Developers had several meetings on IRC about architectural issues or Requests for comment:

Analytics/Wikimetrics [edit]

To support Editor Engagement Vital Signs, the team has implemented a new metric: Newly Registered User. There is also a new backup system to preserve user's reports on cohorts as well as the ability to tag cohorts. A number of bugs have been fixed, including fixing the first run of a recurrent report and preventing the creation of reports with invalid cohorts.

Analytics/Data Processing [edit]

The team has now integrated Data Processing as part of its Development Process. New Stories/Features have been identified and tasked. Also, experimentation with Cloudera Hadoop 5 is complete and we are ready to upgrade the cluster in July.

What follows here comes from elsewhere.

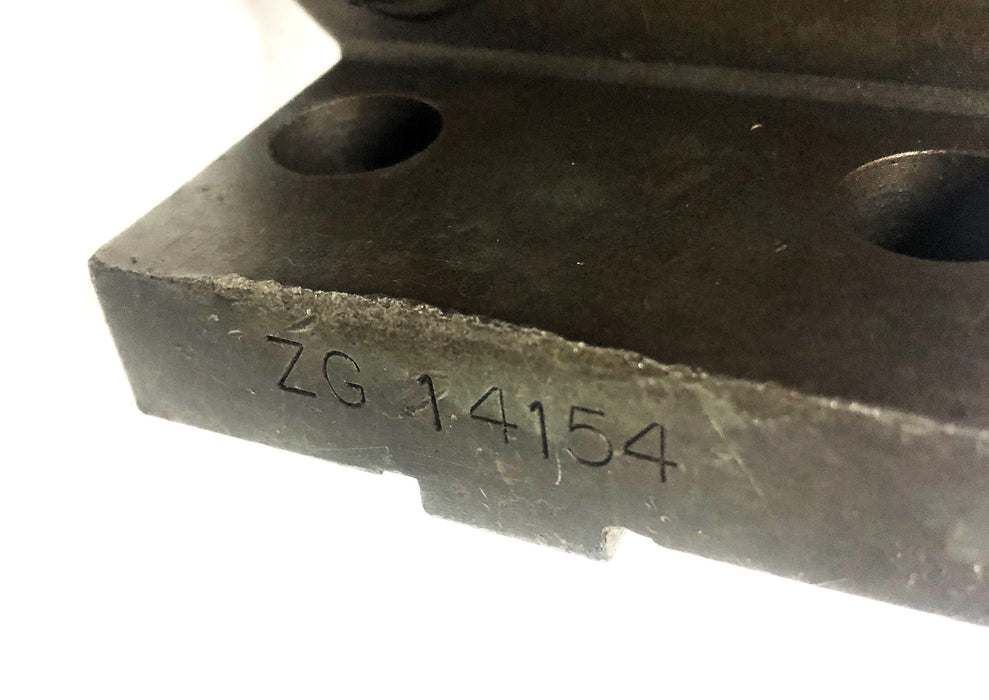 Unbranded 1st Position Box Mill Holder ZG14154 USED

Analytics/Editor Engagement Vital Signs [edit]

The ability to run a metric over an entire project (wiki) in Wikimetrics drives us closer to producing data daily for our first Vital Sign. The team has also iterated on the design of the dashboard and navigation. We added a requirement from executives to have a default view when EEVS is loaded. This view would display metrics for the 7 largest Wikipedias.

Analytics/EventLogging [edit]

We fixed a serious bug where cookie data was getting captured in the country column. Saved data was scrubbed of the unwanted information and some old and unused tables were dropped. The team also implemented Throughput Monitoring to help catch potential issues in EventLogging.

Analytics/Research and Data [edit]

This month we refined the Editor Model – a proposal to model the main drivers of monthly active editors – and expanded the documentation of the corresponding metric definitions. We applied this model to teams designing editor engagement features (Growth, Mobile) and supported them in setting targets for the next fiscal year.

We analyzed the early impact of the tablet desktop-to-mobile switchover on traffic, edit volume, unique editors, and new editor activation.

We hosted the June 2014 edition of the research showcase with two presentations on the effect of early socialization strategies and on predictive modeling of editor retention.

We released wikiclass, a library for performing automated quality assessment of Wikipedia articles.

We released longitudinal data on the daily edit volume for all wikis with VisualEditor enabled, since the original rollout.

We continued work on an updated definition for PageViews.

Finally, we held our quarterly review (Q4-2014) and presented our goals for the next quarter (Q1-2015).

The Wikidata project is funded and executed by Wikimedia Deutschland.

The team worked on fixing bugs as well as a number of features. These include data access for Wikiquote, support for redirects, the monolingual text datatype as well as further work on queries. Interface messages where reworked to make them easier to understand. First mockups of the new interface design have been published for comments. The entity suggester a team of students worked on over the last months has been deployed. This makes it easier to add new statements by suggesting what kind of statements are missing on an item. Wikidata the Game has been extended by Magnus by 2 games to add date of birth and date of death to people as well as to add missing images.

Future

edit
The engineering management team continues to update the Deployments page weekly, providing up-to-date information on the upcoming deployments to Wikimedia sites, as well as the annual goals, listing ongoing and future Wikimedia engineering efforts.